Today, the word ‘Paparazzi’ gives us the picture of a bunch of photographers, who take pictures of high-profile people, such as politicians, film stars, famous players and other celebrities, especially while subjects go about their usual life routines. Paparazzi tend to make a living by selling their photographs of public interest to media outlets. Since they generally hunt in packs, the plural ‘paparazzi’ is very much more common than the singular ‘paparazzo’.
The inclusion of the word paparazzi into the English language is said to be tied to an Italian film ‘La Dolce Vita’ (1960), directed by Federico Fellini. The film relates the story of a jaded journalist, Marcello, and his photographic colleague, Paparazzo. After the movie was first released in Italy, the word paparazzi became synonymous with the intrusive photographers who chase the stars to get that revealing act on film.

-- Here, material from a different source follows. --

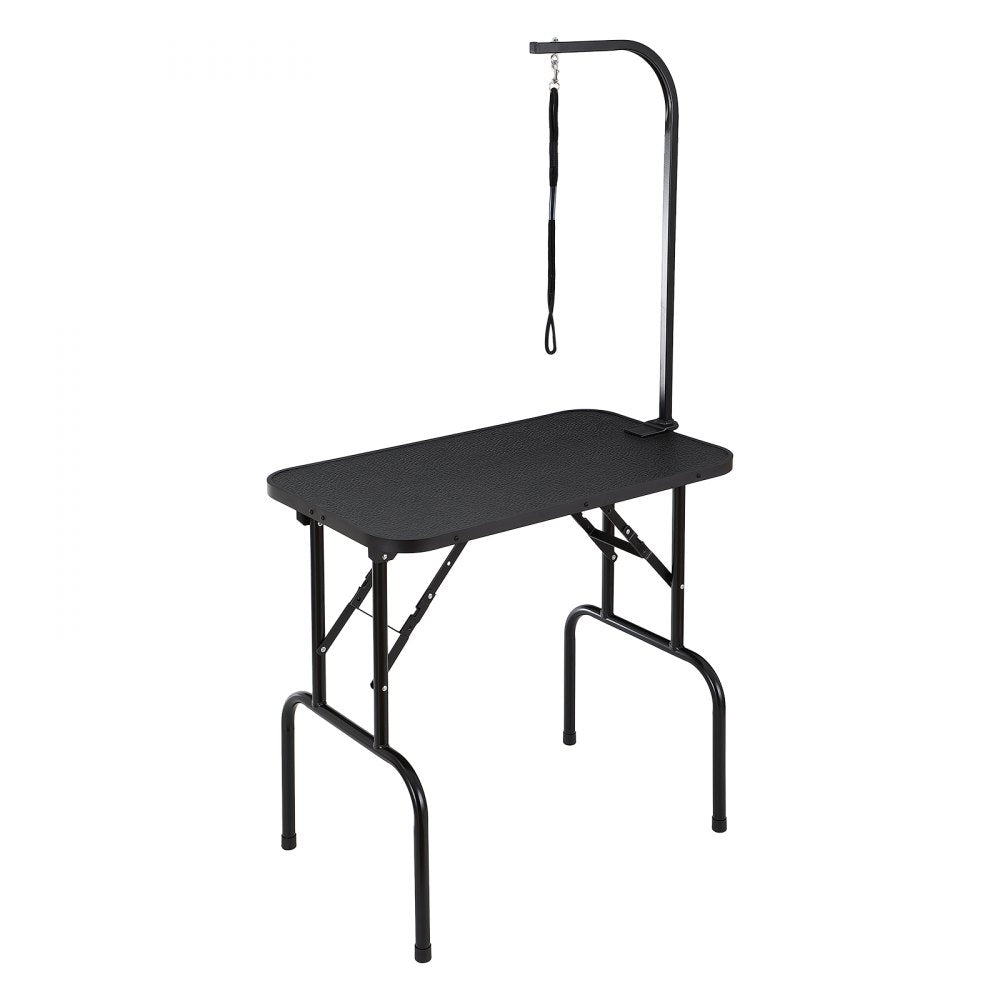 Black foldable pet grooming table, 32x18 inches, with adjustable clamp arm and grooming loop.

Later, Fellini claimed that he wanted to capture the paparazzi-inspired events, where reporters often begged involved parties for a story. However, it was the freezing-frenzied movements in the pictures captured by the photographer, that sparked viewer interest and immediately the name became a part of the language to mean the new breed of intrusive snappers.
The Italian family name Paparazzo is believed to come from the word ‘papateceo’, which means, a very large buzzing insect. The surname itself is of no special significance, as it is said to be a common one in Calabria, and Fellini is said to have coined it from a travel book, "By the Ionian Sea," in which occurs the name of hotel owner Coriolano Paparazzo.